Tüm bunları anlatmamızın sebebi kaydettiğimiz dosyaların güvenliğini sorgulamaktı. Herhangi bir fotoğrafı sayısal ortamda kopyaladığınızda “bu fotoğrafın dosyasını 20 sene sonra açabilecek miyim?” diye düşüneniniz oldu mu hiç? Fotoğraflarınızı DVD ye kaydettiniz. DVD nin ömrü ne kadar? 10 sene diyen var 30 sene diyen var. Ben 1 sene sonra açılmayan DVD leri biliyorum. Diyelim ki her şey yolunda gitti 30 sene dayandı. 30 sene sonra DVD okuyan cihazlar olacak mı? Katı diskte sakladığınız dosyalar 50 sene dayandı; 50 sene sonra SATA ya da IDE veri yolu olan bilgisayarlar olacak mı? Böyle düşündüğünüzde gerçekten büyük bir panik yaşamanız gerekir. Çünkü bu sorularımızın cevabı ‘hayır’. Pekiyi çözüm ne? Şu anda en uygun çözüm yeni medyalar ve depolama ortamları çıktıkça eski verileri bunlara aktarmak. Ama gün geçtikçe büyüyen, zaman geçtikçe biriken ve sayısı artan dosyalar bu işi neredeyse bir azap haline getirebilir. Bu işi 10 sene süresince yapmayı deneseniz, tahminimce ilk 3 senede vazgeçersiniz. Geriye bir tek internette veri depolama hizmeti veren şirketler kalıyor. Bunlara belli bir ücret karşılığı hesap açıyorsunuz ve dosyalarınızı upload ederek burada arşivleyebiliyorsunuz. Gerisi sizin derdiniz olmaktan çıkıyor. Burada iki endişe veri aktarımının yavaş olması (ki zaman içinde bu kesin çözülecektir) ve bilgilerinizin başkalarında olmasıdır. Ama bana sorarsanız bu konuyu çok dert etmenize gerek yok. Prensip olarak elektronik ortamdaki hiçbir bilgi güvende değildir. Ama gene de içiniz rahat etsin diye bir şifreleme programı alarak dosyalarınızı göndermeden önce şifreleyip ve hatta kodlayabilirsiniz.
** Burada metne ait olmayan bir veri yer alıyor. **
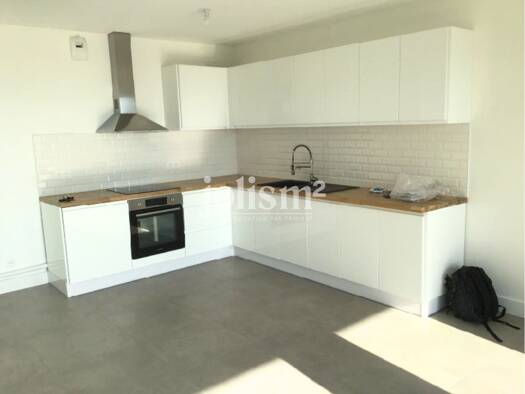 Appartement à louer - Première occupation 1 347 € 3 pièces 2 chambres 76 m² RDC Seyssins 38180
Özet olarak gelişen teknoloji ve rekabet dolayısı ile sakladığımız verilerin geleceği güvende değil. Sizin için önemli resimleri bastırın 100 yıl dayansın, filmleri orijinal alın 10 sene gitsin, evrakları basın 20 sene beklesin. Diğerleri için endişelenmeyi bırakın.